L'auteure réussit un superbe mariage entre l'Histoire, la dictature du caudillo, et le journalisme d'investigation. Elle nous livre un roman noir, en couleur directe, dans la droite ligne de Blacksad de Canales et Guarnido. Le travail de Valero est incroyable de minutie et je ne résiste pas au plaisir de vous donner le lien vers une citation de Camus que la scénariste a retrouvé : https://cdjm.org/2020/12/11/le-manifeste-censure-dalbert-camus/.
Abordons tout d'abord l'Histoire. La chape de plomb du franquisme est parfaitement rendue à travers l'autocensure des media, les manifestations estudiantines de 1956 (https://www.persee.fr/doc/homso_0018-4306_1970_num_16_1_1289), la psychiatrie militaire (https://fr.wikipedia.org/wiki/Antonio_Vallejo_N%C3%A1gera), etc. La Guerre d'Espagne façonne encore la société madrilène et se cache derrière chaque page de la BD : le père adoptif de Léon Lenoir ressemble étonnement au généralissime, Emilio Sanz est un ancien phalangiste, etc.
La misère du peuple fait aussi partie de l'intrigue. Ne l'oublions pas, la politique d'autarcie de Franco a appauvri le pays et nous accompagnons ainsi les reporters dans la banlieue pauvre de Madrid.
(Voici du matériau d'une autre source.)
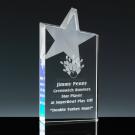 Wedge 6.5" Star Block
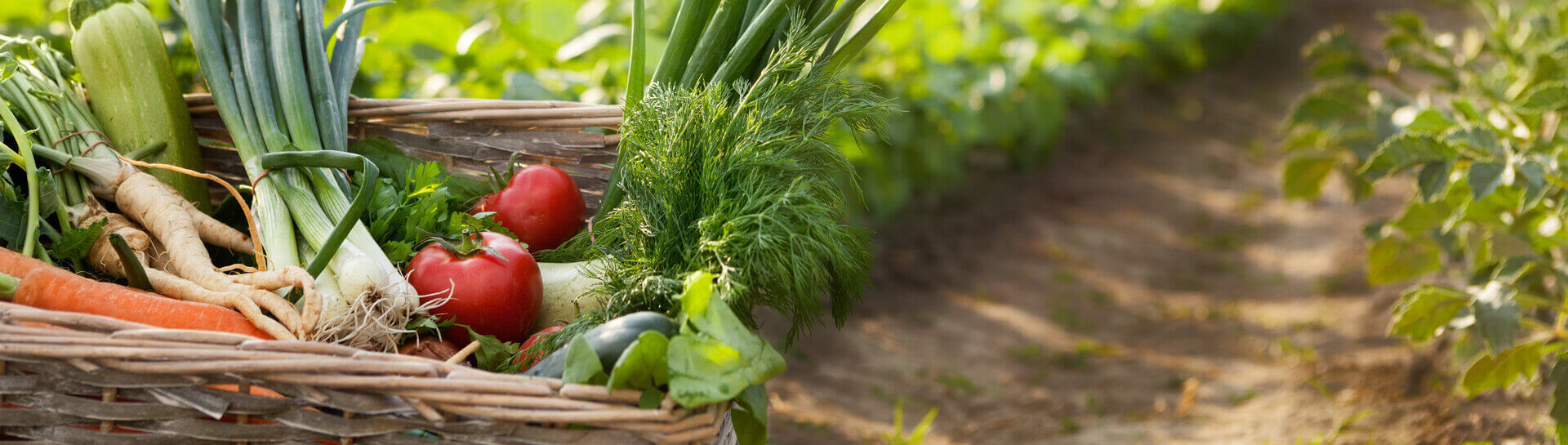 Curso de Agricultura Biológica e Sustentável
Les personnages sont fortement typés. Côté journalistes, Valero s'inscrit dans la grande tradition des duos dissymétriques. Lenoir, inexpérimenté et impulsif, contraste fortement avec Sanz, expert et désabusé. Murtaugh et Riggs les héros de L'arme fatale ou, plus populaire encore, Starsky et Hutch, ont trouvé leurs dignes successeurs. Le titre de la série, Contrapaso, fait d'ailleurs référence au contrepoint, une technique musicale permettant de marier harmonieusement deux lignes mélodiques différentes (2. m. Mús. En el canto, emisión o interpretación, por unos cantantes, de las notas normales, en tanto que otros hacen el paso o inflexión que sirve de cobertura a la voz.). Les seconds rôles sont magnifiques. La fille surdouée du médecin légiste, capable de réaliser un diagnostic avant même l’autopsie, est hilarante.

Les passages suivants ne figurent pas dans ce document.